Isospin of the Xi particles

The Xi particles (Ξ) form an isospin doublet because they contain two strange quarks (s), while the remaining quark is either an up quark (u) or a down quark (d).

Since only up and down quarks contribute to isospin, and the strange quark has isospin zero, only one quark contributes an isospin of $ \frac 12 $.

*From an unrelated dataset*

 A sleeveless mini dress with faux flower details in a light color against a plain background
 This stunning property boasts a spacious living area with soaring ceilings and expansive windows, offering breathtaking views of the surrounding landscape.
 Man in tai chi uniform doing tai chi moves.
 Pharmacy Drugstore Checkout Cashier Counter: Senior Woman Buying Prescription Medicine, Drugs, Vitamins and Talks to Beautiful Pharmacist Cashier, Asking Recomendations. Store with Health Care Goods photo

This implies that the total isospin of the Xi particles is:

$$ I = \tfrac{1}{2} $$

The third component of isospin, $ I_3 $, can take two possible values:

$ I_3 = +\tfrac{1}{2} $
$ I_3 = -\tfrac{1}{2} $

As a result, only two distinct states exist:

$ \Xi^0 $ (uss) with isospin $ I_3 = \tfrac12 $
$ \Xi^- $ (dss) with isospin $ I_3 = -\tfrac12 $

This is why the Xi particles form a doublet, closely analogous to the proton - neutron system.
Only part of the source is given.